### Assignment
Transcribe every line of the material below exactly, leaving out the pictures.

### Source material
[Start of Attachment]

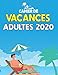 Cahier de Vacances Adultes 2020: Multi jeux Adultes Difficile : Mots Croisé / Mots Mêlés / Sudoku Lettre Et Chiffre / Labyrinthe / Kakuro | 170 ... les Solutions | véritable casse-tête logique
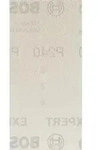 Bosch Expert M480 Schleifnetz f&uuml;r Schwingschleifer, 93 x 186 mm, G 240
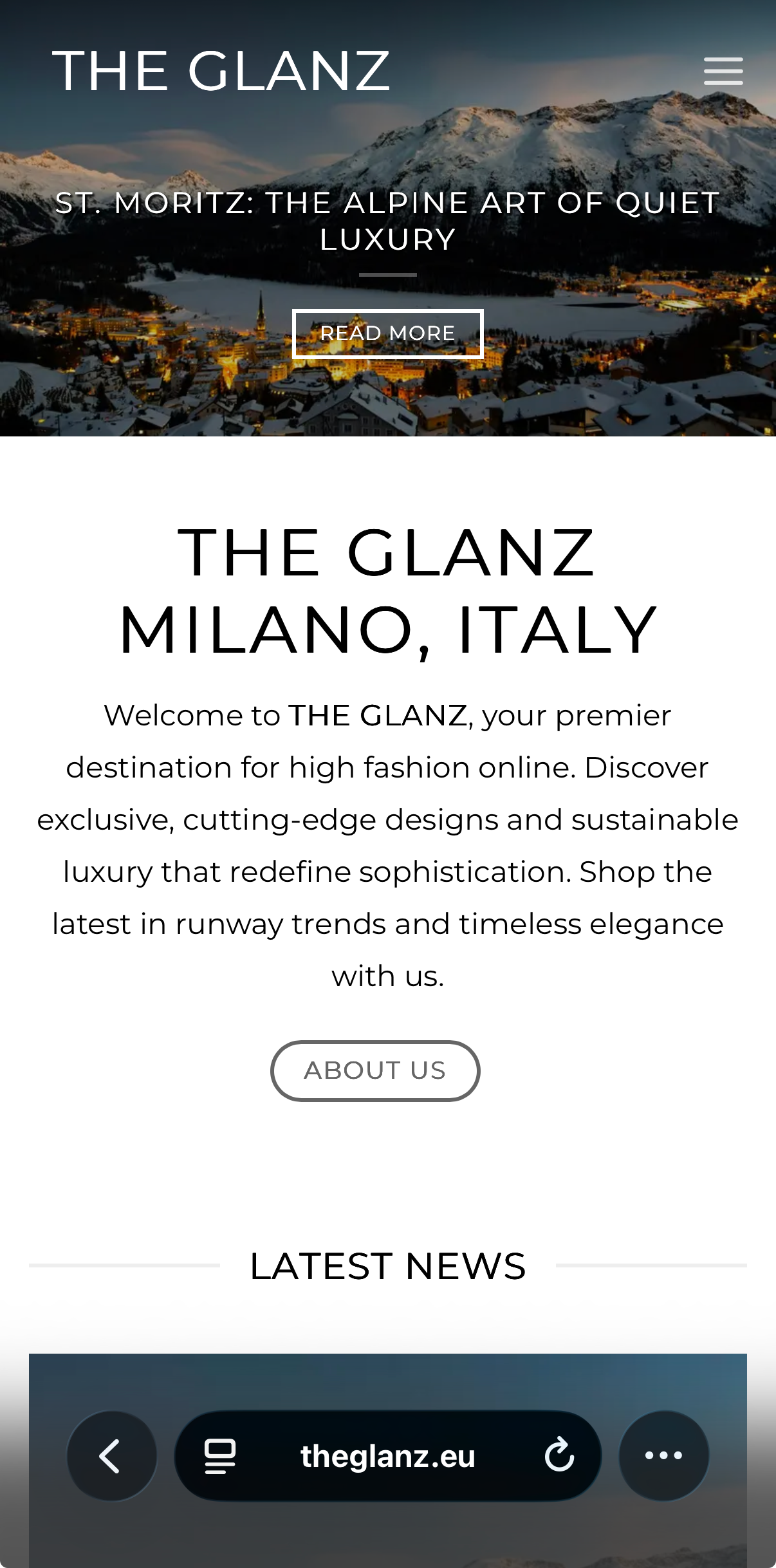The Glanz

[End of Attachment]

### Exercise response
 Cahier de Vacances Adultes 2020: Multi jeux Adultes Difficile : Mots Croisé / Mots Mêlés / Sudoku Lettre Et Chiffre / Labyrinthe / Kakuro | 170 ... les Solutions | véritable casse-tête logique
 Bosch Expert M480 Schleifnetz f&uuml;r Schwingschleifer, 93 x 186 mm, G 240
The Glanz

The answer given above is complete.